[Source records]
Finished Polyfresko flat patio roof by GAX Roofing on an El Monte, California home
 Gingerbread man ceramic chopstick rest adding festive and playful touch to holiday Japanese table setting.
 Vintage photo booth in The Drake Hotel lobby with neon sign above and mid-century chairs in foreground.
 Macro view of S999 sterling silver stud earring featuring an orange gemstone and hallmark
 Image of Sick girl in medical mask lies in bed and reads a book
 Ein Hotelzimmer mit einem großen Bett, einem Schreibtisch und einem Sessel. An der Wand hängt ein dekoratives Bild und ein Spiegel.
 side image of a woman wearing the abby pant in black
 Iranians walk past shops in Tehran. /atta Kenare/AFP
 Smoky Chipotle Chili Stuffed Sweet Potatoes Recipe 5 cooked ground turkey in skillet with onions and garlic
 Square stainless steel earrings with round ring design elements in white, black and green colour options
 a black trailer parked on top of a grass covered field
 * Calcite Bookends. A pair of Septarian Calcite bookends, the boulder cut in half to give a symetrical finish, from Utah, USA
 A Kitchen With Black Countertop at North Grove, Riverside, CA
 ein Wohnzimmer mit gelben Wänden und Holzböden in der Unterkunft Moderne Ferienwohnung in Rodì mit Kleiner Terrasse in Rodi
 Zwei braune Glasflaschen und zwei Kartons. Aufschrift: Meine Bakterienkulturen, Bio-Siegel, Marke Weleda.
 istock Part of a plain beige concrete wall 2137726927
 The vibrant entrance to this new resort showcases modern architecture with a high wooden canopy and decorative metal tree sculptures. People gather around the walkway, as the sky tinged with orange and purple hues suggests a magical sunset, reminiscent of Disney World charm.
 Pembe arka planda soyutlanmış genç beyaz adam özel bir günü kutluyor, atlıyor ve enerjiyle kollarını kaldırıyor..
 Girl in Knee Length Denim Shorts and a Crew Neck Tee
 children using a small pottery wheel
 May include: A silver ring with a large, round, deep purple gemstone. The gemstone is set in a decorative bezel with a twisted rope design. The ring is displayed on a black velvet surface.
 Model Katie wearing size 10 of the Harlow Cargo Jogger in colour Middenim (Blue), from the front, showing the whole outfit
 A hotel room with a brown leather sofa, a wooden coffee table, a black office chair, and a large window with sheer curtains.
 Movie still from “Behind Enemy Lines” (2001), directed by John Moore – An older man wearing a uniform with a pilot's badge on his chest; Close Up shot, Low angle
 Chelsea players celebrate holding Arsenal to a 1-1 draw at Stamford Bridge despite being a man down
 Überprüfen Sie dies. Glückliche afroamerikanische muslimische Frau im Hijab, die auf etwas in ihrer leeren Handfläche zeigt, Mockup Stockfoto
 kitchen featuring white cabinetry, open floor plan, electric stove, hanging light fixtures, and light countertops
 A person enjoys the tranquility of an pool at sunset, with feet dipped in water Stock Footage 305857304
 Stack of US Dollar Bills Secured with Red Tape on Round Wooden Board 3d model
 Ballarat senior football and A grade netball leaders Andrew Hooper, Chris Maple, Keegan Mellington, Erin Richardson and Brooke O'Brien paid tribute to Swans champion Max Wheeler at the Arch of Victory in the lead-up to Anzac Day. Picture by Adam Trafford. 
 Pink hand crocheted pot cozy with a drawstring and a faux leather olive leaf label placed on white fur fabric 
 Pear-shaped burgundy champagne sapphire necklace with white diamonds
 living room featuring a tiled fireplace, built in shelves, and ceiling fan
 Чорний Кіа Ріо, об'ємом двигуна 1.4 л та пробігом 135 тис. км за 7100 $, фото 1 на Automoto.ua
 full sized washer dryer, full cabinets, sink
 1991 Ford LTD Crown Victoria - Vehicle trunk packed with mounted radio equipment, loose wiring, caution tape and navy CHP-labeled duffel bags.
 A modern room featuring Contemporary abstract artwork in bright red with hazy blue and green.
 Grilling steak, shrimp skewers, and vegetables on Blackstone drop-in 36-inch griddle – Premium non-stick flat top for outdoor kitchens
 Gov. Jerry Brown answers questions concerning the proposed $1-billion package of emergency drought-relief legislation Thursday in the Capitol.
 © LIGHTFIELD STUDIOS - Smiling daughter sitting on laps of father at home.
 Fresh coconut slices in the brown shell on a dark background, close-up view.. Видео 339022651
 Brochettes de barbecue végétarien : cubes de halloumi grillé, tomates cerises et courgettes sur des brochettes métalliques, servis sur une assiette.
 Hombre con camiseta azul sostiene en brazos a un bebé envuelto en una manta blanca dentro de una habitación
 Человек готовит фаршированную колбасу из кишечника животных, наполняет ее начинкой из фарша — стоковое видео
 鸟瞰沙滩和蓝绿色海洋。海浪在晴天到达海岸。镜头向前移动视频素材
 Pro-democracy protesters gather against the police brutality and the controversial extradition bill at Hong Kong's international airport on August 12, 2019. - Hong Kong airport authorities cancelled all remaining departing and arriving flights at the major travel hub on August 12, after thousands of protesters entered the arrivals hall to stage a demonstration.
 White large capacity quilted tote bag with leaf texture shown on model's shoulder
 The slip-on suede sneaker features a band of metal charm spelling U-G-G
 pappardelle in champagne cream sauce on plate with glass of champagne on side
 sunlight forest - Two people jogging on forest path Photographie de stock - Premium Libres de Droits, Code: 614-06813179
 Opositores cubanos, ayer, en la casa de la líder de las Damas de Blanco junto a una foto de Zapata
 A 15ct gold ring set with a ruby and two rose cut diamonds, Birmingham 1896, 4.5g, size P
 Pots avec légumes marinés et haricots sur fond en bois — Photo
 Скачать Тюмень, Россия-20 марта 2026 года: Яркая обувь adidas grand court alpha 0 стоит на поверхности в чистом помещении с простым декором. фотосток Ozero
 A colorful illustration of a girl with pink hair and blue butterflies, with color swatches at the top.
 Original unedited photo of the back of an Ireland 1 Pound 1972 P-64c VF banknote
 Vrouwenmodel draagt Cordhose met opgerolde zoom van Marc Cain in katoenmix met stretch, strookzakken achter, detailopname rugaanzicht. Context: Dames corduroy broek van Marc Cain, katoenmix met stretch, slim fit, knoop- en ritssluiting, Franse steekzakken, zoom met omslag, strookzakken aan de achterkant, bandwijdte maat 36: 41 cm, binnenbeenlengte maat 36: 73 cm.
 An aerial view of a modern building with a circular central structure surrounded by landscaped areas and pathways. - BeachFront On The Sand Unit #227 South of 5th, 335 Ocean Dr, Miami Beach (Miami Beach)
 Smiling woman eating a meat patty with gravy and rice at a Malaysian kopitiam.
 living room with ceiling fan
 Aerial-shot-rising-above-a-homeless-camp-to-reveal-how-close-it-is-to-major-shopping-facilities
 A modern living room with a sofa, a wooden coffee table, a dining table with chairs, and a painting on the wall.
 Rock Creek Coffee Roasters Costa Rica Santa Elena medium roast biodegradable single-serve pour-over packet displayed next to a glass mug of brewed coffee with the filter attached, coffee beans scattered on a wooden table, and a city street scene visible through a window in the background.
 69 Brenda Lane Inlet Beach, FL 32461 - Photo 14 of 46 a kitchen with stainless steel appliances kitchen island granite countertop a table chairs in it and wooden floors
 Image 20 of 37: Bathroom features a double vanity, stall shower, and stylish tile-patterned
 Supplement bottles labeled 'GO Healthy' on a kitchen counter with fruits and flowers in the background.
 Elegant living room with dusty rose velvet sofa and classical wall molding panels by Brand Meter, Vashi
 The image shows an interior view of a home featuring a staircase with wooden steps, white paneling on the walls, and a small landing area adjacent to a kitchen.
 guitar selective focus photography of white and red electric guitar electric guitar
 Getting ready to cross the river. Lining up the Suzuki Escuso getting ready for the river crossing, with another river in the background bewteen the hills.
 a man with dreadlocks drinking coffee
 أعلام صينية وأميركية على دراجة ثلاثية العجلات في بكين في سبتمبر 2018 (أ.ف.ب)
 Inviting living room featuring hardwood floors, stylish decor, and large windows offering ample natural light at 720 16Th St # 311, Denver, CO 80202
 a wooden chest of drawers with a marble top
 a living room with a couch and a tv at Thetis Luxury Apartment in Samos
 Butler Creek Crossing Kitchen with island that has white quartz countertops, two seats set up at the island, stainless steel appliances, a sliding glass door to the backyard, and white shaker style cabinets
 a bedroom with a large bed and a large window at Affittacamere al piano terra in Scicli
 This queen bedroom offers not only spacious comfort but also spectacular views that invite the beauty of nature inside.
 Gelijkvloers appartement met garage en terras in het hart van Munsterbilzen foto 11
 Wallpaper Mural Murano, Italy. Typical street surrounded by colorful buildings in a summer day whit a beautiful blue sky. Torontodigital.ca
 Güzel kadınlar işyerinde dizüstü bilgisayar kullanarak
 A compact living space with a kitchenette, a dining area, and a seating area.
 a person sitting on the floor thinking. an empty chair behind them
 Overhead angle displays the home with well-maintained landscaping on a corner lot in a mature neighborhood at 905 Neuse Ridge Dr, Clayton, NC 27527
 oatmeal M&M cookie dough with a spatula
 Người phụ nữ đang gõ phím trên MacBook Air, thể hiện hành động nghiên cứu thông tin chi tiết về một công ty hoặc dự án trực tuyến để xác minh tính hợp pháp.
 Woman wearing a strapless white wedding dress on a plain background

-- HOW TO COMPLETE THIS TASK --
Please set down again, word for word, only the lines from the start of the entries through the line with "Smoky Chipotle Chili", both ends included.

-- RESULT OF THIS TASK --
Finished Polyfresko flat patio roof by GAX Roofing on an El Monte, California home
 Gingerbread man ceramic chopstick rest adding festive and playful touch to holiday Japanese table setting.
 Vintage photo booth in The Drake Hotel lobby with neon sign above and mid-century chairs in foreground.
 Macro view of S999 sterling silver stud earring featuring an orange gemstone and hallmark
 Image of Sick girl in medical mask lies in bed and reads a book
 Ein Hotelzimmer mit einem großen Bett, einem Schreibtisch und einem Sessel. An der Wand hängt ein dekoratives Bild und ein Spiegel.
 side image of a woman wearing the abby pant in black
 Iranians walk past shops in Tehran. /atta Kenare/AFP
 Smoky Chipotle Chili Stuffed Sweet Potatoes Recipe 5 cooked ground turkey in skillet with onions and garlic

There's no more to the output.